27. Mai 2015 - 14:15 Uhr · Klaus Buttinger · Fischer-Kolumne

Donaulachs in Enns und Steyr – der Fisch der tausend Würfe

Petri Heil!

Bild: VOLKER WEIHBOLD

Ein Anblick, der das Fischerherz höher schlagen lässt: In der Enns, mitten in Steyr, unter der Rederbrücke schlägt ein Huchenrogner mit mächtiger Schwanzflosse eine Laichgrube in den feinen Schotter.

„Einen Meter wird er schon haben“, taxiert Markus Leimer, Obmann des Reviers Enns-Steyr den schönen Fisch. Das Huchenweibchen zeigt ein prächtiges Rot, es ist ihr Laichkleid. „Jetzt, wenn die Kriacherl blühen, beginnt die Laichzeit“, sagt Leimer und freut sich ob des Anblicks. Denn viele aus der Art der Hucho hucho gibt es nicht mehr, vielleicht 30 fangfähige (länger als 1 Meter) zwischen Donau und Steyr in der Enns.
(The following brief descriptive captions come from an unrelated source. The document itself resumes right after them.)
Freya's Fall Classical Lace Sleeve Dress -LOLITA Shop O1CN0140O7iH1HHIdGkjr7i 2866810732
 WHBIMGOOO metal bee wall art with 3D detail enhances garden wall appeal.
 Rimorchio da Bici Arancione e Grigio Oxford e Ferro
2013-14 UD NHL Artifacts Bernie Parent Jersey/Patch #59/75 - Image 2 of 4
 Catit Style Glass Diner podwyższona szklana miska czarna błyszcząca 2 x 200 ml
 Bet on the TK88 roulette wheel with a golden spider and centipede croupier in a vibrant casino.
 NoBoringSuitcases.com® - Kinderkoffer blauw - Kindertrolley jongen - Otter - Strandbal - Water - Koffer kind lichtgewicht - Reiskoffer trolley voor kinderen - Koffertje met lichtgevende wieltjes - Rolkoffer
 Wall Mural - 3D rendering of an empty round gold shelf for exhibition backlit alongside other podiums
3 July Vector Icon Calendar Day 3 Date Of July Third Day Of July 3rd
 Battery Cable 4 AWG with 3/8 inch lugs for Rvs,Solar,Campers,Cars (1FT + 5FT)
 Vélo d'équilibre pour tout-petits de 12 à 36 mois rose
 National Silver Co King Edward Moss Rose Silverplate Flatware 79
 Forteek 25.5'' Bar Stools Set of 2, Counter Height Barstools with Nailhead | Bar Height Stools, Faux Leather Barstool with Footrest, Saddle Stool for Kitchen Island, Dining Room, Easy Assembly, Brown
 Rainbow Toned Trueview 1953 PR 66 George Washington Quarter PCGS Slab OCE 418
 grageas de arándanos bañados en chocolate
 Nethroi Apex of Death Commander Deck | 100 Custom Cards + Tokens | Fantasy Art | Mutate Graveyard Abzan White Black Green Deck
„Ja, früher“, erinnert sich der Ernsthofner Fischerwirt Franz Harthaller sen., „da sind Hunderttausende Nasen an der Kraftwerksstaumauer ang’standen und dazwischen etla Huchen.“

Der einzige Süßwasserlachs Europas kämpft ums Überleben in Oberösterreich. Ohne die ehrenamtlich tätigen Fischer gäb’s ihn und seine Hauptnahrung, die Nasen, nicht mehr. Kaum noch Fließstrecken mit kiesigem Substrat, wo gelaicht werden kann, keine Durchgängigkeit des Flusses aufgrund der Kraftwerke. Das soll und wird sich ändern.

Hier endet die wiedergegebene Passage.